Numa destas tardes de domingo fomos a Aveiro visitar a minha avó, a quem os meus filhos chamam carinhosamente "Vovó Mamã", talvez por ela ser a mamã da sua vovó. A minha avó, mulher forte, generosa, atenta aos outros, a quem eu devo tanto desde menina e até bem depois de casar, está ainda na sua casa, mas já não pode estar sozinha, visto não conseguir deslocar-se e sofrer de uma grave demência. Assim, a minha mãe passa quase todo o seu tempo com ela, tendo ainda a ajuda de funcionárias dedicadas e trabalhadoras.
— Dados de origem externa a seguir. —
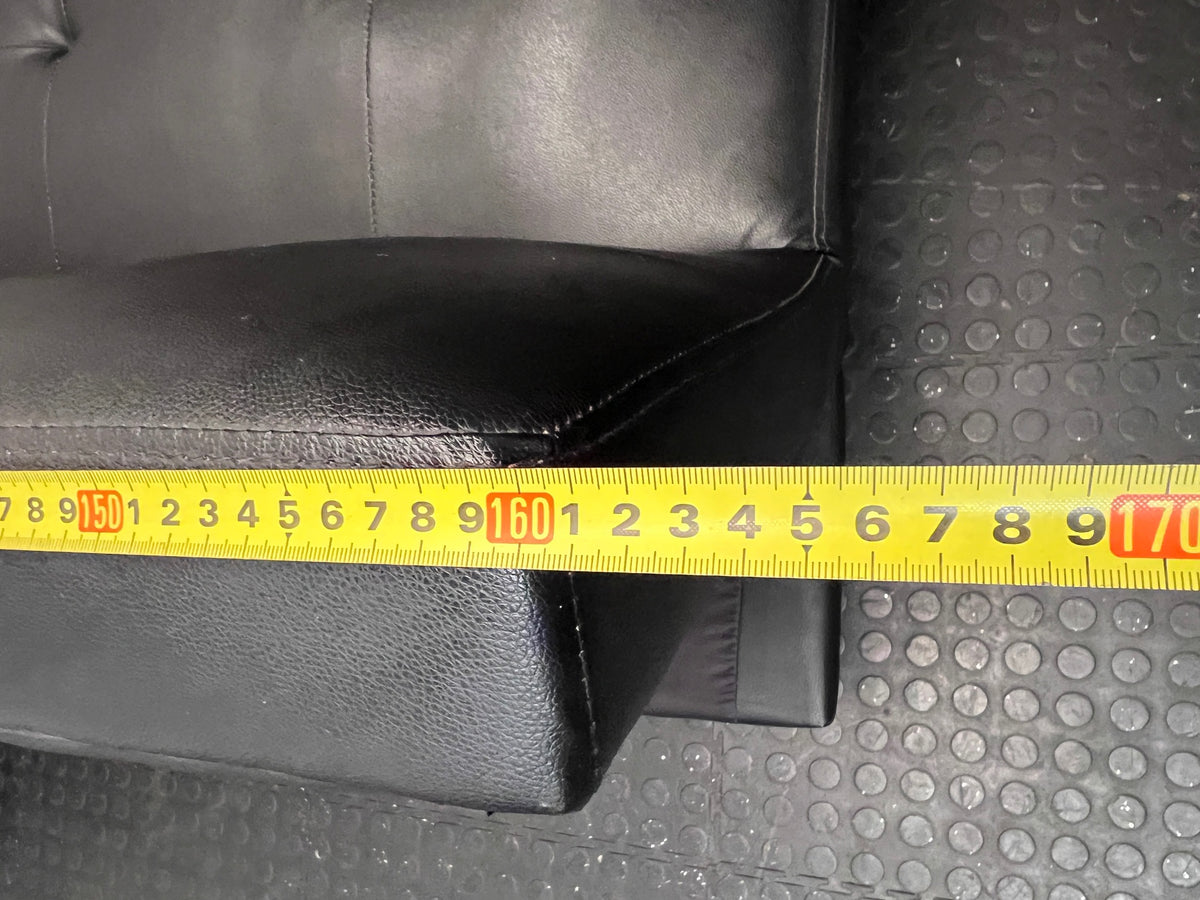 Black Tufted Leather-Look Sleeper Couch — Good Working Order – width measurement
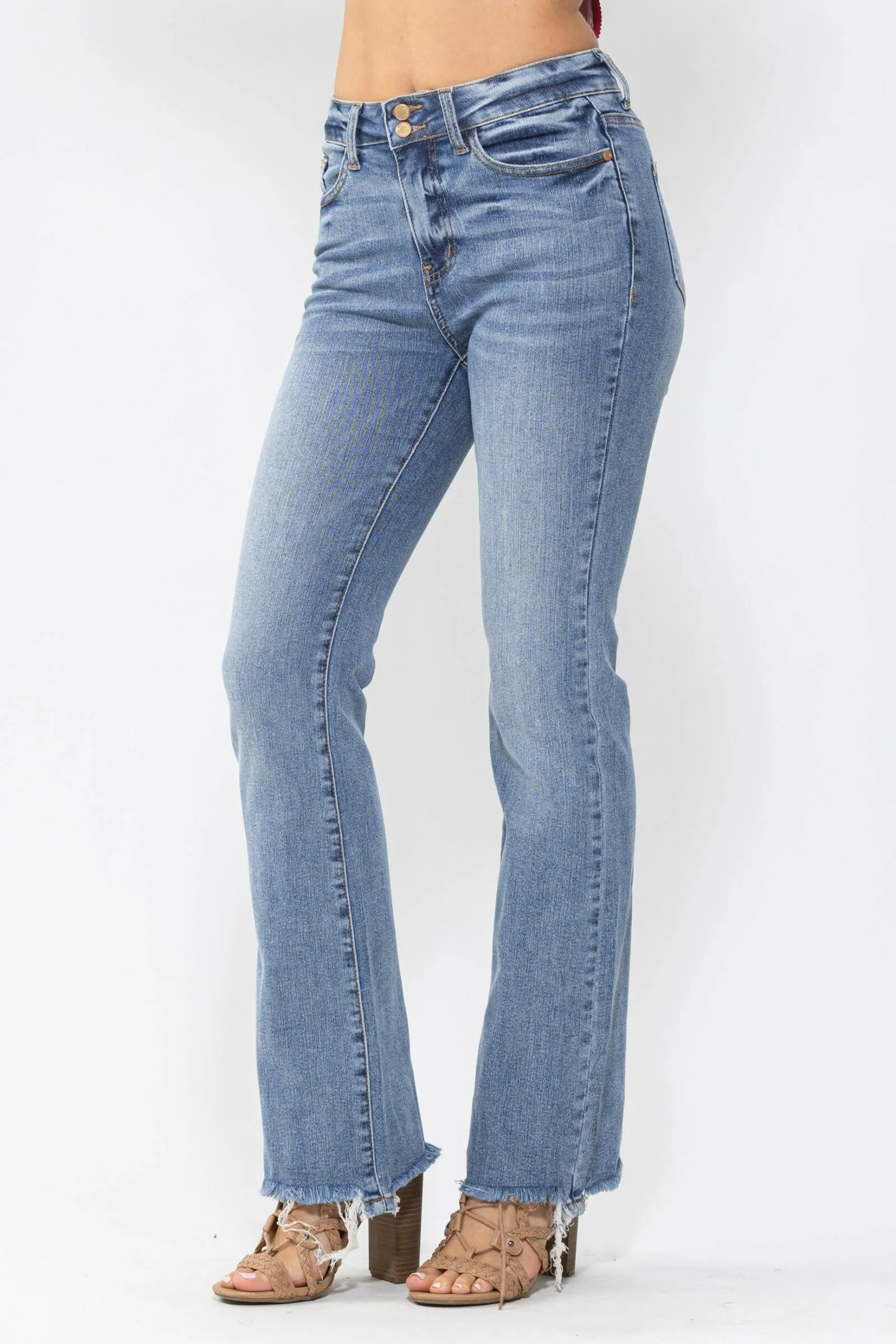 Judy Blue High Waist Double Button Bootcut Jeans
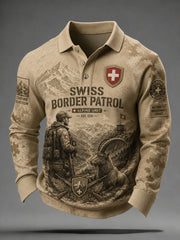 Herren-Vintage-Camouflage-Poloshirt im Militärstil mit Raglanärmeln und Langarm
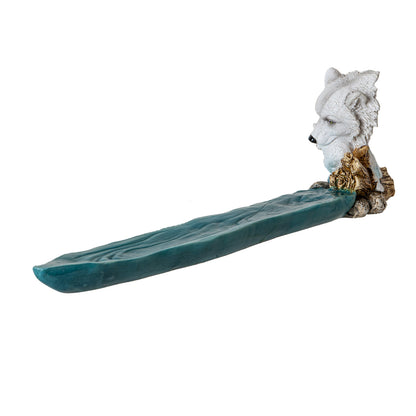 White Wolf and Pup 11.1" Long Incense Holder with Water Stream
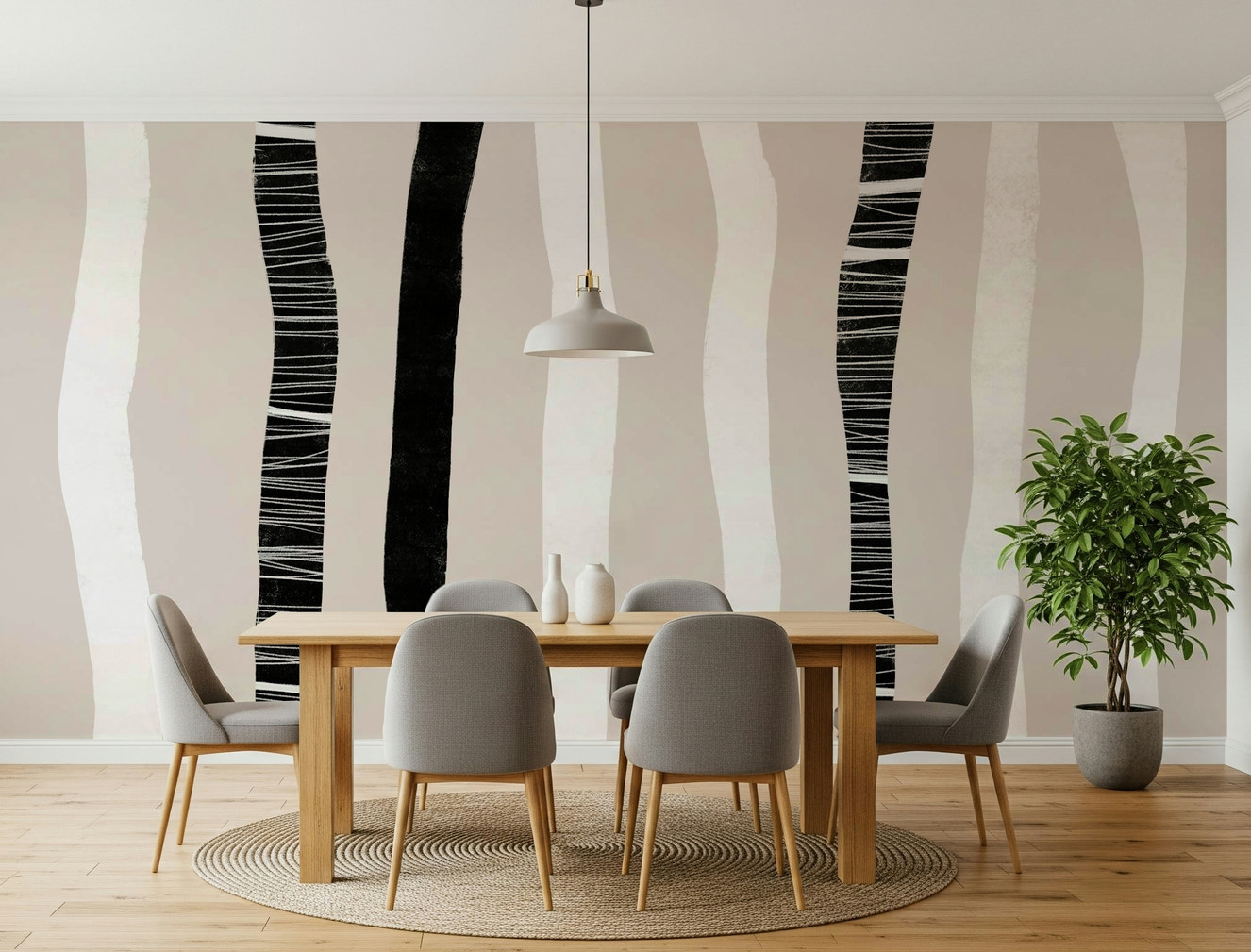 A beautiful subtle stripe wallpaper mural with a minimalist texture.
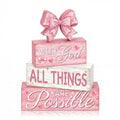 Tiered Tray Decor Set (Pink Bow)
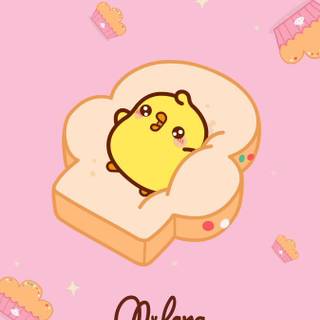 Cute spring Molang wallpaper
A Palavra de Deus é muito clara:

 

"Filho, ampara o teu pai na velhice, não o desgostes durante a sua vida; mesmo se ele vier a perder a razão, sê indulgente, não o desprezes, tu que estás na plenitude das tuas forças. A caridade que exerceres com o teu pai não será esquecida, e ser-te-á considerada, em reparação de teus pecados." (Sir 3, 12-14)

 

Que palavra tão bonita! Deus está disposto a esquecer os nossos pecados por um acto de amor para com os nossos pais, algo que devia ser tão natural em nós...

Cuidar do pai e da mãe idosos aprende-se em família. Eu estou acostumada a ver a minha mãe cuidando incansavelmente da minha avó. E embora a minha avó nunca deixe de dizer "obrigada" e "por favor", já não reconhece a filha. Não é fácil acompanhar os seus delírios, ajudá-la a fazer a sua higiene quando ela quase não se mexe, partilhar o seu sofrimento todos os dias. Mas a minha mãe fá-lo de todo o coração. Terei eu, um dia, esta capacidade de entrega e esquecimento de mim mesma?

Sara e vovo mamã.jpg

Recordo aqui um texto de Santa Teresinha, que sempre me comoveu, em que ela relata a forma como cuidava de uma irmã muito idosa do convento:

"Custava-me muito oferecer-me para acompanhar a Irmã S. Pedro ao refeitório, porque sabia que não era fácil contentar a pobrezinha, que sofria tanto e que não gostava de mudar de acompanhante. Contudo, eu não queria deixar de aproveitar uma tão bela ocasião para praticar a caridade. Todas as tardes, quando via a Irmã S. Pedro sacudir a ampulheta, sabia que isso queria dizer: "Vamos!" É incrível como me custava sair, mas fazia-o imediatamente. Depois começava todo um cerimonial. Era preciso retirar e levar o banco de um modo especial, e sobretudo, não se apressar; a seguir, iniciava-se o passeio. Se ela dava um passo em falso, logo lhe parecia que eu a segurava mal; se procurava andar ainda mais devagarinho - "Logo vi que era nova demais para me acompanhar!" Quando chegávamos ao refeitório, era preciso arregaçar-lhe as mangas de um modo também especial...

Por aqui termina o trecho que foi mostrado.